Unified streaming speech-to-text for voice pipelines, wrapping multiple ASR engines behind common Rust traits. Same pattern as wavekat-vad, wavekat-turn, and wavekat-tts.
Warning
Pre-1.0. The trait surface may iterate as more backends land.

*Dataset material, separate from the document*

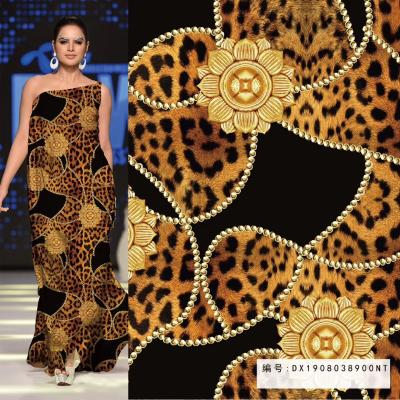 China Anti-static Short Pile Plush Fabric 100% Polyester Leopard Animal Pattern Printed Fabric For Dress for sale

Pin to an exact patch version.
| Backend | Feature flag | Transport | Languages | Status | License |
|---|---|---|---|---|---|
| sherpa-onnx (streaming Zipformer / Paraformer) | sherpa-onnx |
Local ONNX | EN, ZH, EN+ZH | ✅ Available | Apache 2.0 |
Local-first by design: the bundled sherpa-onnx backend ships today and runs entirely on-device.
cargo add wavekat-asr --features sherpa-onnxuse wavekat_asr::backends::sherpa_onnx::SherpaOnnxAsr;
use wavekat_asr::{AudioFrame, Channel, StreamingAsr, TranscriptEvent};
let (mut asr, rx) = SherpaOnnxAsr::new()?; // auto-downloads bilingual model on first run
let samples = vec![0.0f32; 16_000]; // 1 s of 16 kHz mono audio
let frame = AudioFrame::new(samples.as_slice(), 16_000);
asr.push_audio(&frame, Channel::Local)?;
asr.finish()?;
for event in rx.try_iter() {
if let TranscriptEvent::Final { text, confidence, .. } = event {
println!("final ({confidence:.2}): {text}");
}
}All backends implement a common trait so you can write code generic over backends:
pub trait StreamingAsr: Send {
fn push_audio(&mut self, frame: &AudioFrame, channel: Channel) -> Result<(), AsrError>;
fn finish(&mut self) -> Result<(), AsrError>;
fn reset(&mut self, channel: Channel) -> Result<(), AsrError>;
}Transcript events come back through an mpsc::Receiver<TranscriptEvent>
the backend hands you at construction time:
pub enum TranscriptEvent {
SpeechStarted { channel, ts_ms },
SpeechEnded { channel, ts_ms },
Partial { channel, ts_ms, text },
Final { channel, ts_ms, end_ms, text, confidence },
Warning(String),
}Channel::{Local, Remote} tags which side of a two-channel call each
event belongs to — the daemon tees both RTP directions through one ASR
instance.
wavekat-vad → "is someone speaking?"
wavekat-turn → "are they done speaking?"
wavekat-asr → "what did they say?"
wavekat-tts → "synthesize the response"
│ │ │ │
└───────────────────┴─────────────────────┴────────────────────┘
│
AudioFrame (wavekat-core)
The trait surface stays deliberately small. Backends own their own resampling, network state, and tokenizer.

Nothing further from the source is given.